Figure 3: Global prevalence of antibiotic resistance rates of Helicobacter pylori in children.

In Taiwan, Lu et al.50 recently investigated the changing antimicrobial susceptibility of H. pylori isolated from children over the past two decades. Conventional bacterial cultures were performed as the diagnostic standard. Minimal inhibitory concentrations of antibiotics were determined by an Epsilometer test. The overall antimicrobial resistant rates to clarithromycin, metronidazole, and levofloxacin were 23.4%, 20.3%, and 11.8%, respectively;50 there was no recorded resistance to amoxicillin. In comparison, regarding the resistance rates of clarithromycin and metronidazole in the periods of 1998–2007 and 2008–2016, isolates in the latter period had higher resistance rates of clarithromycin (28.6% versus 17.2%) and metronidazole (25.7% versus 13.8%). The rates of resistance to clarithromycin and metronidazole have increased compared to levels a decade ago and this rapid evolution of antimicrobial resistance of H. pylori in children has led us to be more conscientious in the treatment of childhood H. pylori infection (Figure 3).

Due to the clinical importance of decreased eradication rates, regional variation in antibiotic resistance rates, and the marked increase over time of antibiotic resistance rates in the past decades, there is a critical need for determination of current rates at a local scale, and also in individual patients. Patient-specific tailoring of effective antibiotic treatment strategies may lead to reduced treatment failures and less antibiotic resistance.

CONCLUSION

As public hygiene and sanitation improves, the prevalence of H. pylori infection in children is declining in developed countries and clinical paediatricians need to re-evaluate when to test for H. pylori and whether to treat the infection.29 However, we must be aware that the prevalence of H. pylori infection is still high in most countries worldwide, especially in developing countries, and optimal treatment of H. pylori infection in children has not yet been determined and will require further collaborative studies.
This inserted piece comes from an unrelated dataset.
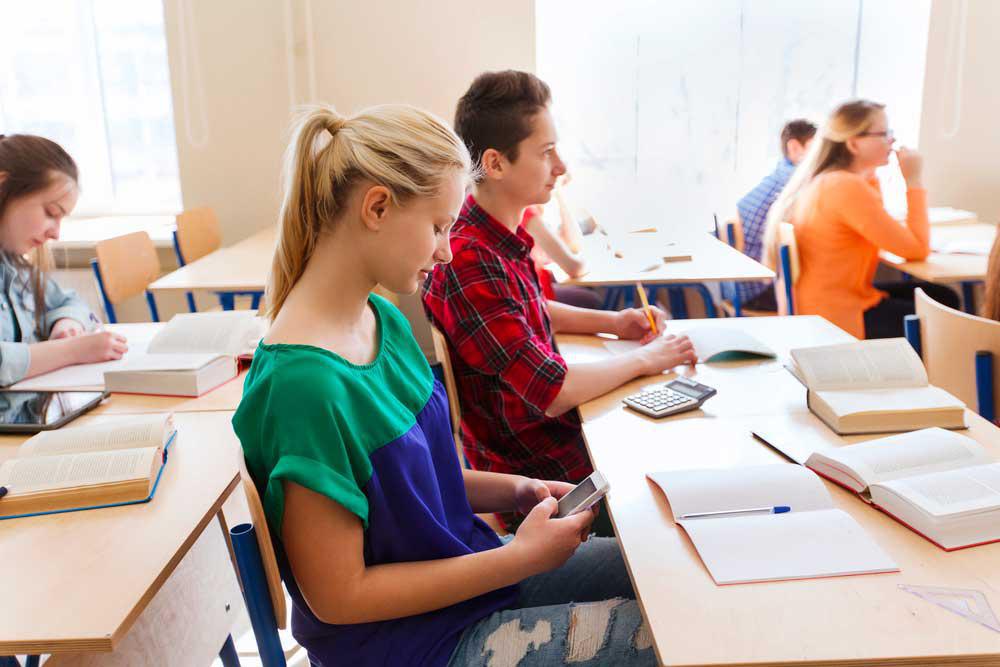 Aux Pays-Bas, les téléphones portables seront bannis des classes à partir de 2024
Various regimens, including a proton pump inhibitor, have been used for treatment of H. pylori infection in adults,5 but few studies concerning the clinical features, efficacy, and safety of treatment have been carried out in children. H. pylori treatment for children and adolescents seems safe, but further surveys evaluating adverse events need to be conducted.

With the propagation of public health education, advancement of diagnostic tools, and patient-specific tailoring therapeutic strategies, the prevalence and eradication failure rate of H. pylori infection in children should decrease in the near future, both in developed and developing countries.